* **TASK STATEMENT**
Would you pull out every line of the material that contains the string "Straight"?

==== PROVIDED ENTRIES ====

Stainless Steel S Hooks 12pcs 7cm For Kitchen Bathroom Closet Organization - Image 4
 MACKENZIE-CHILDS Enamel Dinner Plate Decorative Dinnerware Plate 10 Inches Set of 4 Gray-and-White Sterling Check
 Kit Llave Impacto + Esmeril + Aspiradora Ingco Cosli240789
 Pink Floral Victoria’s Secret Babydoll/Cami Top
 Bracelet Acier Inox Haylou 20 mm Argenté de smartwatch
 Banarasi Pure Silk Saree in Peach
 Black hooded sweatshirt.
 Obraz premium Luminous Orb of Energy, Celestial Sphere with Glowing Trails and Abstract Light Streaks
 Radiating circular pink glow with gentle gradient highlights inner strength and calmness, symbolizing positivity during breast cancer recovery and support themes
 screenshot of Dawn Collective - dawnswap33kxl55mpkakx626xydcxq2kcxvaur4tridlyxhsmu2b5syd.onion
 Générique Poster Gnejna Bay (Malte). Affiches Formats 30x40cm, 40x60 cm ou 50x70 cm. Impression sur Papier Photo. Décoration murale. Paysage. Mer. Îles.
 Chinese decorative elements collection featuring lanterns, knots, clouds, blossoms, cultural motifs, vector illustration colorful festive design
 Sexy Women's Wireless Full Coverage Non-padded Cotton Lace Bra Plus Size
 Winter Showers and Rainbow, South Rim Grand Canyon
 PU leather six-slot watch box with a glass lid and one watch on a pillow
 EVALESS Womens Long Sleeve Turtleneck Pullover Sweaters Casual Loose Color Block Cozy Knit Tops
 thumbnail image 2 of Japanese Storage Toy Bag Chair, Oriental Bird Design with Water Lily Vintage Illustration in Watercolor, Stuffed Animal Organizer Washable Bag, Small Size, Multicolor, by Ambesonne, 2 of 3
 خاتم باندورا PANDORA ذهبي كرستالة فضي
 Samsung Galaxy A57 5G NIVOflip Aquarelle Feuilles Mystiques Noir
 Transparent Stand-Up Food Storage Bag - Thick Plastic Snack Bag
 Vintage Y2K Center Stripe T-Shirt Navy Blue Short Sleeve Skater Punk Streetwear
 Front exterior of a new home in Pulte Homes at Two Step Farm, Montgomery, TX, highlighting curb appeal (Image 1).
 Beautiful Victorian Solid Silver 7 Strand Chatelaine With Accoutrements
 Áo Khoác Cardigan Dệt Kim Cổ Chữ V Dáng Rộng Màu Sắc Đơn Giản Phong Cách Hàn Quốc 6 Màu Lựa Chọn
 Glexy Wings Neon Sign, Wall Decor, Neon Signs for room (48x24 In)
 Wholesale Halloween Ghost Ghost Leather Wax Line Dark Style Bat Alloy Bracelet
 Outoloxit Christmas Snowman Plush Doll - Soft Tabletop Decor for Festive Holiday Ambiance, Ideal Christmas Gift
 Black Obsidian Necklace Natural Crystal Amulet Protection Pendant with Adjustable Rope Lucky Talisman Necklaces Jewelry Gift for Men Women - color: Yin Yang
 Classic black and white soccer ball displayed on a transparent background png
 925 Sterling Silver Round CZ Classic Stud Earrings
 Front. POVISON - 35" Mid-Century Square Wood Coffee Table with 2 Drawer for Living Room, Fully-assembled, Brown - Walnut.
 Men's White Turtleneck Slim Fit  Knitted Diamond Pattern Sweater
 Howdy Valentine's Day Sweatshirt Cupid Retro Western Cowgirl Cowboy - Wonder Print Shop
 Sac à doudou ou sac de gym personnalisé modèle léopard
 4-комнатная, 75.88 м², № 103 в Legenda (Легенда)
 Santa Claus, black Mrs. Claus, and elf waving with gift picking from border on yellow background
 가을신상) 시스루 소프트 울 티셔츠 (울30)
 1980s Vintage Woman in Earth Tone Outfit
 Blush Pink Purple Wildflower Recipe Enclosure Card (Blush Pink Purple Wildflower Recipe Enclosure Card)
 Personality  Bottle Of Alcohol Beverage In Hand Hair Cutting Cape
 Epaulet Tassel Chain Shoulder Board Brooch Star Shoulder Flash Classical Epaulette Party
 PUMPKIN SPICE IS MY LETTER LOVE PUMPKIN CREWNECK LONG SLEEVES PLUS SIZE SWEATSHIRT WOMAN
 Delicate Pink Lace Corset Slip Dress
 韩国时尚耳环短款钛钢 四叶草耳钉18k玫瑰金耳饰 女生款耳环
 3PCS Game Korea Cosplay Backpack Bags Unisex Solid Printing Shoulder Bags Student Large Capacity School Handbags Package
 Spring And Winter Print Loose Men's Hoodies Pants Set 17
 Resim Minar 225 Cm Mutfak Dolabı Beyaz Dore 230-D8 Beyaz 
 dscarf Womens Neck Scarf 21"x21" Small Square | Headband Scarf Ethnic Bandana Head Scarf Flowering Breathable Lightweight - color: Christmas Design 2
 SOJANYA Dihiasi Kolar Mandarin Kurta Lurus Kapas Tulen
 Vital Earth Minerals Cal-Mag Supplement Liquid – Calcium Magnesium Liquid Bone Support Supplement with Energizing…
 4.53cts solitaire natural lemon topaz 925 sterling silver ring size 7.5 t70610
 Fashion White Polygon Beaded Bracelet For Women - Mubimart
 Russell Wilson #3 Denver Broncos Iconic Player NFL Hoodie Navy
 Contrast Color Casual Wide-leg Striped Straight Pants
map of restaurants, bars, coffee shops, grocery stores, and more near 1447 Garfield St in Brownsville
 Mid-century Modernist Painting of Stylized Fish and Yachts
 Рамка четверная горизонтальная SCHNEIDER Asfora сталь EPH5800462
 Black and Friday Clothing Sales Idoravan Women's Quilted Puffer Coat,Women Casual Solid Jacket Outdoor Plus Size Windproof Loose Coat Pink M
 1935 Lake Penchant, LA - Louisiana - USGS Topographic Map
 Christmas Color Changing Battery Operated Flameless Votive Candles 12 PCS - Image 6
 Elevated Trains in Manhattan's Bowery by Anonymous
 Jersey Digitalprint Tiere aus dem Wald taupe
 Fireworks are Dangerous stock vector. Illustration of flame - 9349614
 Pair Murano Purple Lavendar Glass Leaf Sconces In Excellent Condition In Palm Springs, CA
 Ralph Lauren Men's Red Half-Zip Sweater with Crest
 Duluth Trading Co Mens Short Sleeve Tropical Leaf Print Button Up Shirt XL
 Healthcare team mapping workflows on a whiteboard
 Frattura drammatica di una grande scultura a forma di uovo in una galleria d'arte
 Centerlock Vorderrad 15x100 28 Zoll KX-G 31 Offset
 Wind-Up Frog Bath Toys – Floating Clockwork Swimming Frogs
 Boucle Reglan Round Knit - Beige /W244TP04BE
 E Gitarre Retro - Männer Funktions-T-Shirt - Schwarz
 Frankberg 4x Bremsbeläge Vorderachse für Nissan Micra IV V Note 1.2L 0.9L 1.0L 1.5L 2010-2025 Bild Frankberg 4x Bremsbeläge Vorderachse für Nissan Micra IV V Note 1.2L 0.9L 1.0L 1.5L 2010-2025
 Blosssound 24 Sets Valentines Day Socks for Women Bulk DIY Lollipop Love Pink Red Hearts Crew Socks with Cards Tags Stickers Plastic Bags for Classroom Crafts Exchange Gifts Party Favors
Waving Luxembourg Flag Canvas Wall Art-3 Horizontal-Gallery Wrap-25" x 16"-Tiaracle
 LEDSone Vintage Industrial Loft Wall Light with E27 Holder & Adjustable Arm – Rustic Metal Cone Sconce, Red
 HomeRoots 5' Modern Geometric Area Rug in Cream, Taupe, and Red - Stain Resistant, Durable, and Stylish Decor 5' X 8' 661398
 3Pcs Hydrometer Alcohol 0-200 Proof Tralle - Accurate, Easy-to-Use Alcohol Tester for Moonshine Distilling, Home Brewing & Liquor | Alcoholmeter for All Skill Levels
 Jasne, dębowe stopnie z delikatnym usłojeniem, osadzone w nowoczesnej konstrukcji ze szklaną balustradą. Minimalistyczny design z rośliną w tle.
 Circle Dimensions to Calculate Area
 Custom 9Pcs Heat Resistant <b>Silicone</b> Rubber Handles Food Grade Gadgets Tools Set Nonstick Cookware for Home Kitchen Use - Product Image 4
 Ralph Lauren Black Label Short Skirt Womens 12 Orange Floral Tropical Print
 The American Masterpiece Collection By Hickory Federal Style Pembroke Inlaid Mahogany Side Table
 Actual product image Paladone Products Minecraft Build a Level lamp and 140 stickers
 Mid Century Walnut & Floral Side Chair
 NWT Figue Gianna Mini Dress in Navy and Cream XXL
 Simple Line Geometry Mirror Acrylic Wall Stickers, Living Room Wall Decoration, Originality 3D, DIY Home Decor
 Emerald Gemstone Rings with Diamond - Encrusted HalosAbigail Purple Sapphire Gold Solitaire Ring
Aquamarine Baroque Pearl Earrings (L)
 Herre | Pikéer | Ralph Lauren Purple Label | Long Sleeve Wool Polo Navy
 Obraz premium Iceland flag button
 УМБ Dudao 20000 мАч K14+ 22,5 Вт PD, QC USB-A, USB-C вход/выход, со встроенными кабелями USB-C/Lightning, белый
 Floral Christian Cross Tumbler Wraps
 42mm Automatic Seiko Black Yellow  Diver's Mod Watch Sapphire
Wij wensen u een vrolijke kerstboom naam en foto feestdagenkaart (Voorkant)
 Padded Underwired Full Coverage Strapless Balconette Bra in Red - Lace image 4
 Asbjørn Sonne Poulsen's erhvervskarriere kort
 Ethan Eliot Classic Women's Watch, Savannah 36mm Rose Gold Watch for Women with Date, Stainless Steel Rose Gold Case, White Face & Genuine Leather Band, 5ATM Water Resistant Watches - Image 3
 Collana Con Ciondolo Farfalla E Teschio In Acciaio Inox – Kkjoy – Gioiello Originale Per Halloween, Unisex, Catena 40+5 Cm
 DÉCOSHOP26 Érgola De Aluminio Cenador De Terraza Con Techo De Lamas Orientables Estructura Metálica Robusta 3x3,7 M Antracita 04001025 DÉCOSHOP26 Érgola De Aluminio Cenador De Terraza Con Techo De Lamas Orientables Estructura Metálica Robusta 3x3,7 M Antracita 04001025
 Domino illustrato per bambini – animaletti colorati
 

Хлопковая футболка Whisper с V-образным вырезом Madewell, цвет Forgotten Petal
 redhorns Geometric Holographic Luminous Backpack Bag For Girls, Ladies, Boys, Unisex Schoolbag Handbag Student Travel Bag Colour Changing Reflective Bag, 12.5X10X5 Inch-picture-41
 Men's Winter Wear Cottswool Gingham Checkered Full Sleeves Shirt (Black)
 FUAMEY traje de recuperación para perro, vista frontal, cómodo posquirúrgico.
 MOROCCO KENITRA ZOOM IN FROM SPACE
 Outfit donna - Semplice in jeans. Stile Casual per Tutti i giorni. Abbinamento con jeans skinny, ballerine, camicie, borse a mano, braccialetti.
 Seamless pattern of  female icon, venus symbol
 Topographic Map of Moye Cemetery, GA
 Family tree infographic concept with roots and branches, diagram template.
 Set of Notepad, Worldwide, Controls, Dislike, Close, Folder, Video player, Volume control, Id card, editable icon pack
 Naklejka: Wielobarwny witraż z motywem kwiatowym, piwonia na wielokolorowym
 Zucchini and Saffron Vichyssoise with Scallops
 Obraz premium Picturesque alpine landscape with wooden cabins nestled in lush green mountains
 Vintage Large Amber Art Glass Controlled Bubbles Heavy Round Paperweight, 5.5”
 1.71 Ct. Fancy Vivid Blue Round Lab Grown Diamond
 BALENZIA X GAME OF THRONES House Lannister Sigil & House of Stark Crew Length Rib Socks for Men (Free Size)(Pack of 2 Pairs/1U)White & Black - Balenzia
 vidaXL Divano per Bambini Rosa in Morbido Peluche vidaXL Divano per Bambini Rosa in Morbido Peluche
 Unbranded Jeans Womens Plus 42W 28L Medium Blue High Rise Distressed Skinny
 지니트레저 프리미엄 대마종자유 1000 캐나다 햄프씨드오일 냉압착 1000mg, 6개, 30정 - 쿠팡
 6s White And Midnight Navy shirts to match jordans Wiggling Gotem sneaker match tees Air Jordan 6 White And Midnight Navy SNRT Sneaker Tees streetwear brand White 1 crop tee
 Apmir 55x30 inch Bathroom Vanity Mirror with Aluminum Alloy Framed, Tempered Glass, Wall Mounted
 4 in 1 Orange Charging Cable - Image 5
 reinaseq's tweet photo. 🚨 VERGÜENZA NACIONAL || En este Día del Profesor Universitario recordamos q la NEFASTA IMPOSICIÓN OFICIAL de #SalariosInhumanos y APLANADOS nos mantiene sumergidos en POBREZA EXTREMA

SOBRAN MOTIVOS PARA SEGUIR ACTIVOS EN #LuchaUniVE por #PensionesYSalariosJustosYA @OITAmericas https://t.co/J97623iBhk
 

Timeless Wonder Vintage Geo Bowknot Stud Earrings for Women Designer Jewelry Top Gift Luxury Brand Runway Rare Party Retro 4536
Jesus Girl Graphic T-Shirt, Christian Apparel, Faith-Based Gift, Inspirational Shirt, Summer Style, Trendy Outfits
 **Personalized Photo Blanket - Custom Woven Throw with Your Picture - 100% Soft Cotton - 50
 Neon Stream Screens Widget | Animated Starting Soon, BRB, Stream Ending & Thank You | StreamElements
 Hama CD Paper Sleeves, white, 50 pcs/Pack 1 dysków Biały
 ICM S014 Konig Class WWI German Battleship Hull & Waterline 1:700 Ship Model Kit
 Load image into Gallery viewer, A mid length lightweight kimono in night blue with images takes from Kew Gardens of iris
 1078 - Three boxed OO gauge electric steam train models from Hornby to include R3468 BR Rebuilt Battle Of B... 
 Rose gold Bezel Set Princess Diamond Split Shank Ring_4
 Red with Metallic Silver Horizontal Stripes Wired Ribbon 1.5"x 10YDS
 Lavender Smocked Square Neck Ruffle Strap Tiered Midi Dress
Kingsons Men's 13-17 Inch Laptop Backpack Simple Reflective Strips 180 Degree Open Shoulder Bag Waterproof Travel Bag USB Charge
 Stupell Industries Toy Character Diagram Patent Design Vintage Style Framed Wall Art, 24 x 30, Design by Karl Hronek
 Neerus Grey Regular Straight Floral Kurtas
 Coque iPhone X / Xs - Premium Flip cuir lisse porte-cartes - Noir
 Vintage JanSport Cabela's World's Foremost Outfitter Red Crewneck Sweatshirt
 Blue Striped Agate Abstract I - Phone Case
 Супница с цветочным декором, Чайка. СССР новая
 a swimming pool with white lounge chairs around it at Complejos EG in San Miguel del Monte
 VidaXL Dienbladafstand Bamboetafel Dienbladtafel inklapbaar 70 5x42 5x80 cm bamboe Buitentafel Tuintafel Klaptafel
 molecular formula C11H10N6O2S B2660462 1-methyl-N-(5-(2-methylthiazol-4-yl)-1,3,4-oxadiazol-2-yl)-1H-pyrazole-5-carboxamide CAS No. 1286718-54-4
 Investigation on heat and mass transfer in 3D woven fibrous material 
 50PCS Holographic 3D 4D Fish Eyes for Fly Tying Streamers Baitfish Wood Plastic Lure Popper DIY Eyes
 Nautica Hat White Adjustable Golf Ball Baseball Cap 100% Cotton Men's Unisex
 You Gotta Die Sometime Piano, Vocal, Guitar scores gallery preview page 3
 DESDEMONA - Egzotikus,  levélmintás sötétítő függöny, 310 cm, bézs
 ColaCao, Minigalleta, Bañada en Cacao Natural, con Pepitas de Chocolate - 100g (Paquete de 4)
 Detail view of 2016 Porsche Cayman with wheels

====

* **EXERCISE RESULT**
 Contrast Color Casual Wide-leg Striped Straight Pants
 Neerus Grey Regular Straight Floral Kurtas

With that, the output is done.